I love how writing a column, thanks to my readers, can be such an eye-opener. After my column about the propaganda project I did with my fourth-graders, a civil engineer from Lawrenceville responded with a sound rebuttal to how I allowed my kids to feature smokestacks as a source of pollution.
"Very good lessons for your (fourth-graders). Unfortunately, you seem to have also been the victim of propaganda yourself. How do you know that "smokestacks at a dog food plant" are polluting the air? I'll guess the answer is that you don't know at all," he wrote.
OK. I admit I did not consult a chemist to analyze the smoke before my kids made it look bad in their report.
My reader went on to say, "Uninformed environmentalists 'ALWAYS' show smokestacks and point toward pollution whether or not it is actually harmful emissions or not! What you see coming out of various manufacturing plants and power plants is harmless in most cases! I've spent my career as an engineer in which I was involved in the design and operation of power plants, water and wastewater treatment plants, and manufacturing industries. I paid very close attention to avoiding the accidental release of any hazardous substances. In fact most smokestacks in the USA today emit harmless water vapor. Trust me, there are NO hazardous substances in a dog food plant."

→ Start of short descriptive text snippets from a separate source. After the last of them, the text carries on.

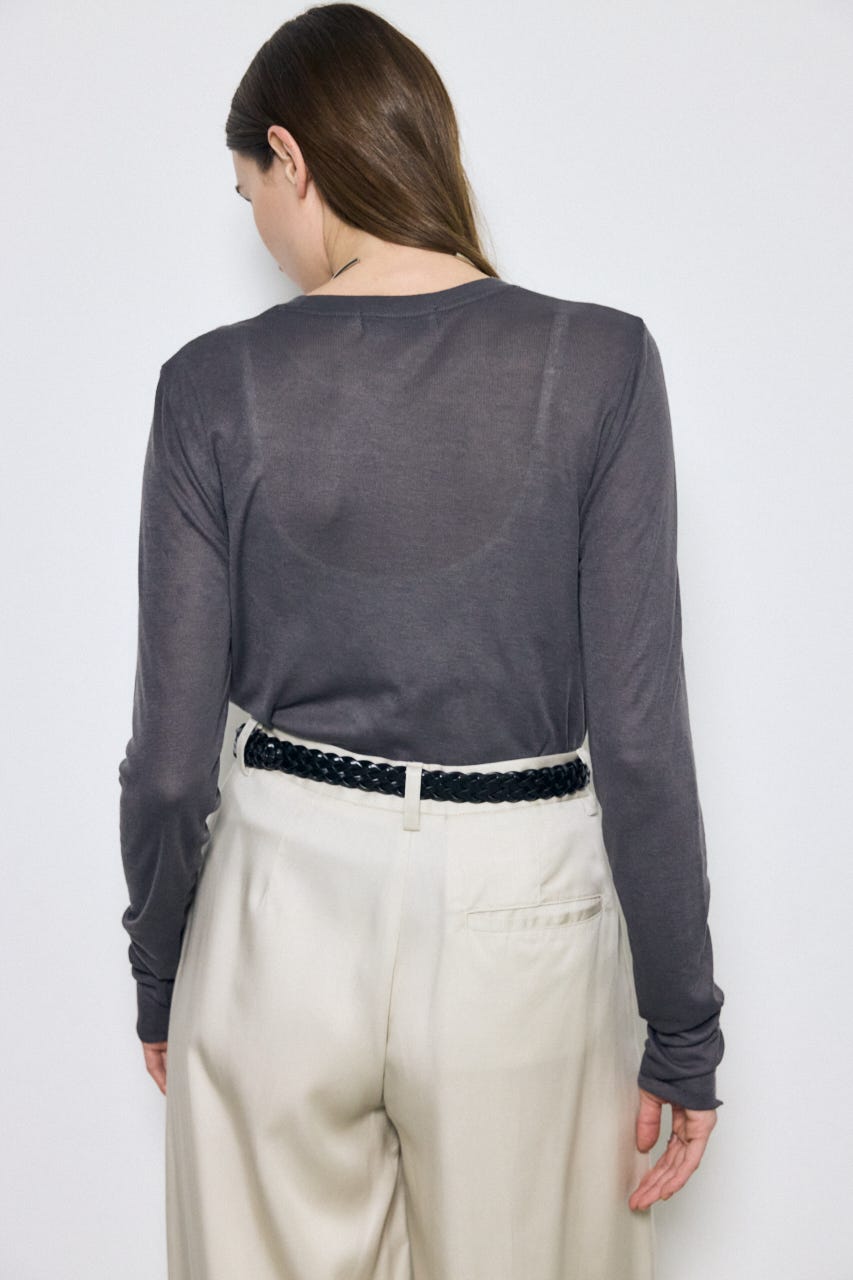 シアー素材ロングTシャツ L/BLK FREE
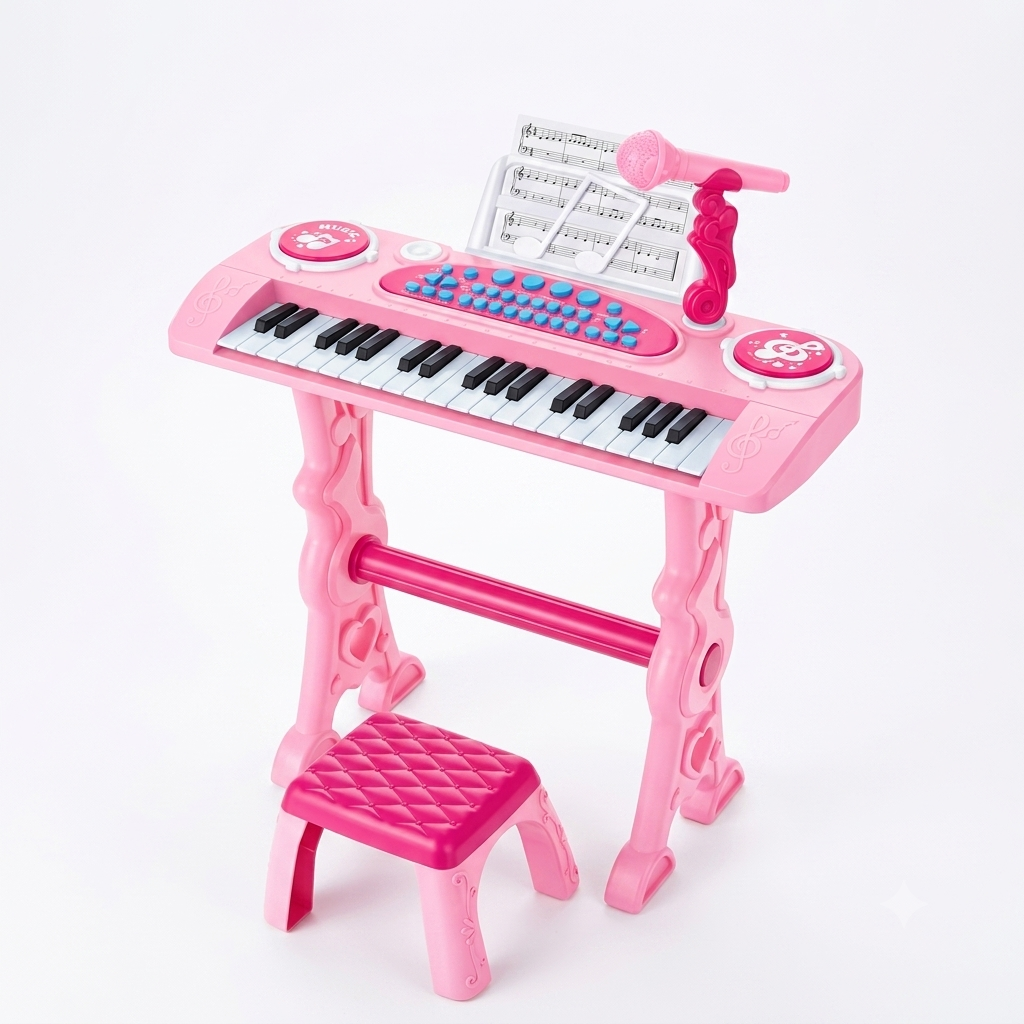 Clavier Électronique Enfant – Piano 37 Touches avec Micro & Tabouret - Rose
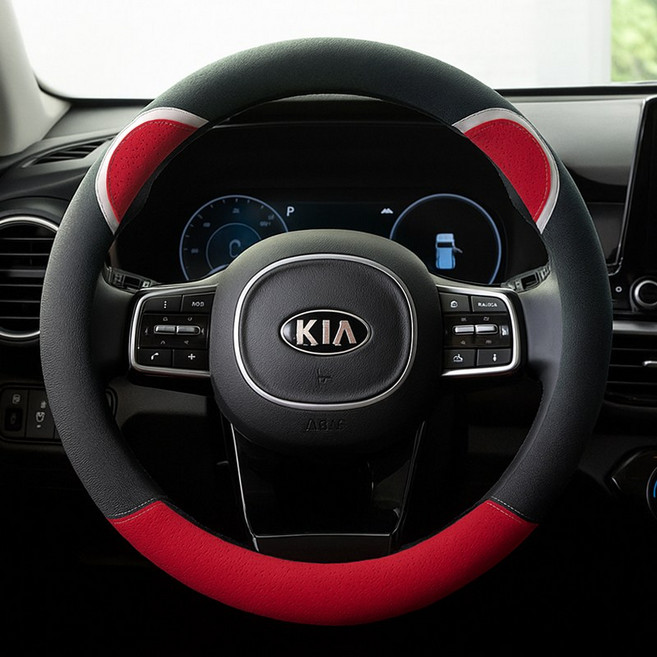 곰돌이 자동차 핸들커버 원형 차량용 전차종 베어스티치, 와인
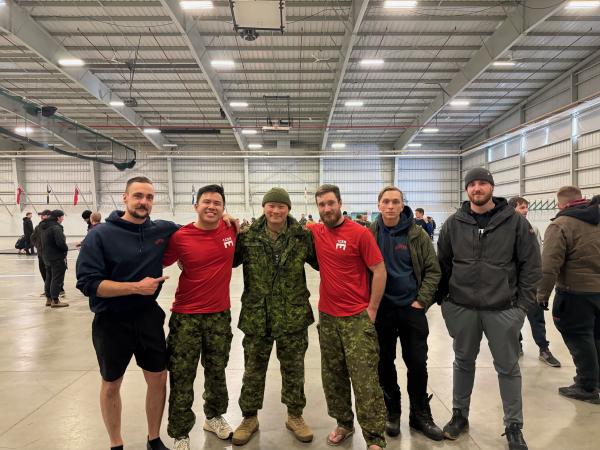 Grappling Team 1 CER – (L-R) Cpl Copy Paulson (1 CER), Cpl Johnson Phung (1 CER), Capt Kyle Ho (RPOU(W)), Cpl Brock Yates (1 CER), Cpl Ilya Karassev (1 CER), and MCpl Alastaire McDonald (1 CER)
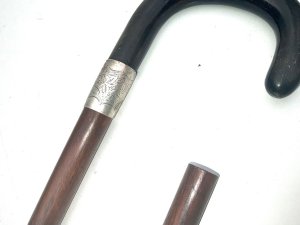 Hallmarked for birmingham 1901 wood being elm the handle is horn overall condition is very good being strong and sturdy firm in fitment length in full of 89 cm and from steels tip to top of handle being 84 cm diameter of stick 2 cm length of horn handle 11 cm, offering free delivery uk only, reference lc7 tel: we accept online payments for all our items listed: bank transfer cash on collection personal cheques or if wishing over the phone using your debit or credit cards, also doing layby payments plan, or email giving your address details & contact number and we shall send you your items invoice to make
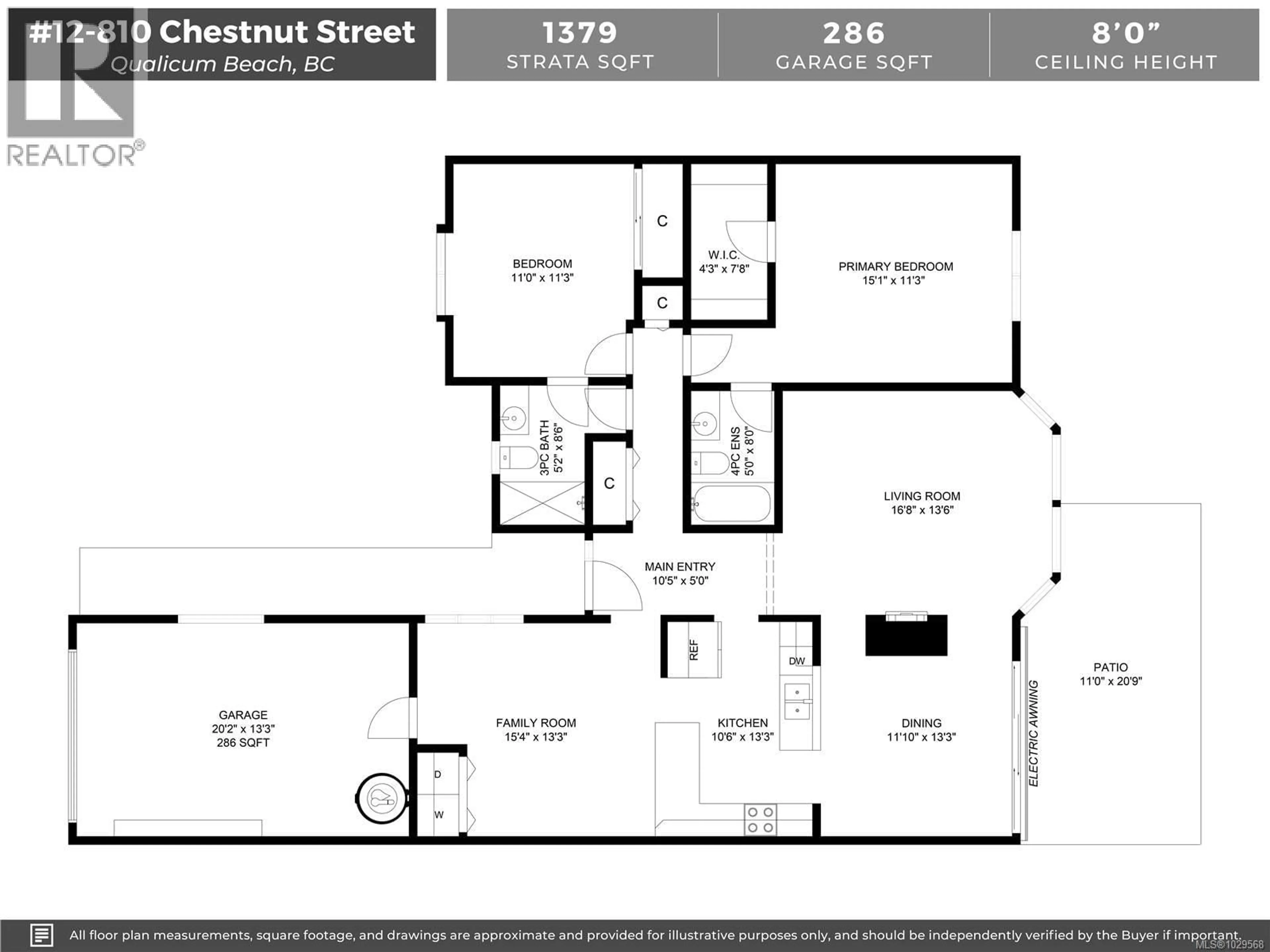 Floor plan for 12 - 810 CHESTNUT STREET, Qualicum Beach British Columbia V9K2M6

This made me think of a conversation I had with a forest ranger some years ago. He was telling me about a local conservation project that involved thinning out trees. I wanted to write about it for Earth Day, but he asked me not to.
"If the environmentalists read anything about anybody cutting down a tree anywhere for any reason whatsoever, they'd picket my office as soon as the paper came off the press."

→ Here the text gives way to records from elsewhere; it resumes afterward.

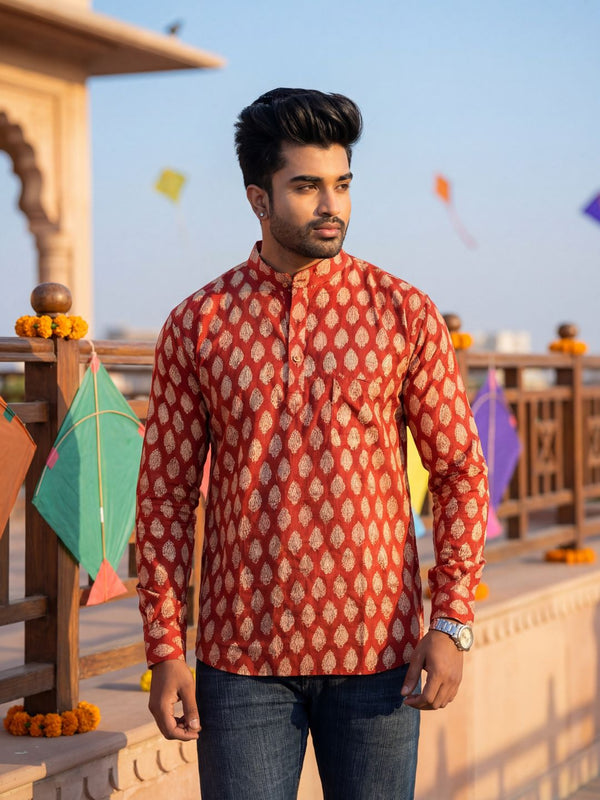 Indiehaat | Pure Cotton Blockprint Short Kurta Red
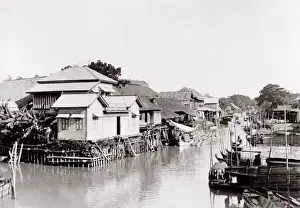 c. 1880s - canal view - probably Dutch East Indies Indonesia
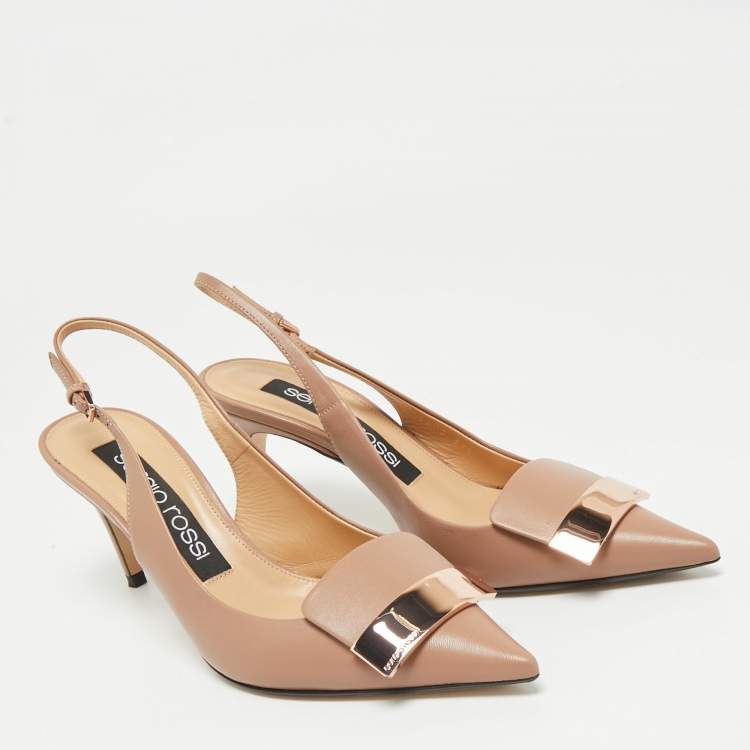 مملوكة مسبقًا Sergio Rossi Beige Leather Scarpe Donna Slingback Platform Pumps Size 37.5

He then told me about a time he spoke to an elementary class. He took slices of trees that he called "tree cookies" to let the kids count the rings and determine how old the trees were.
Without even raising his hand a kid spoke up and said, "You cut down a tree to get those, didn't you? Don't you know you should never cut down a tree?"

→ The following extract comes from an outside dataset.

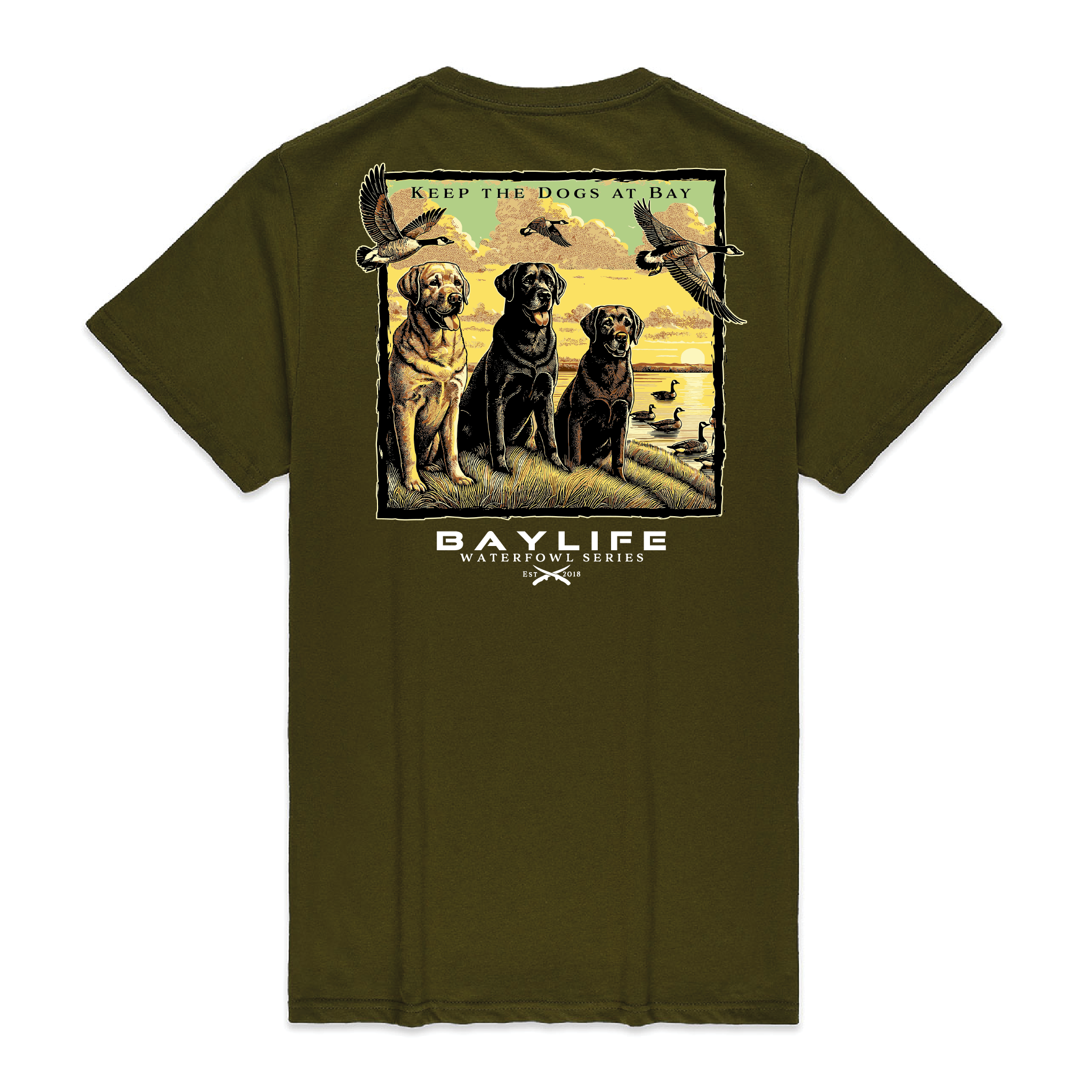 KEEP THE DOGS AT BAY WATERFOWL SERIES PREMIUM SHORT SLEEVE SHIRT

The teacher, smiling smugly, nodded in approval, apparently very proud that her student knew that you should never cut down a tree anywhere, for any reason whatsoever, and that her kids were smarter than this poor uninformed forest ranger.
I know on every issue, there's a lot of smoke being blown out there and it's hard to see the forest for the trees. I've been chagrined to spend hours researching and quoting directly off legitimate websites, only to get hate mail about how I "didn't do my homework."
I certainly don't have all the answers, but I thought I'd just give a couple of guys who know more than I do a chance to "air" their views and maybe keep some people from barking up the wrong tree.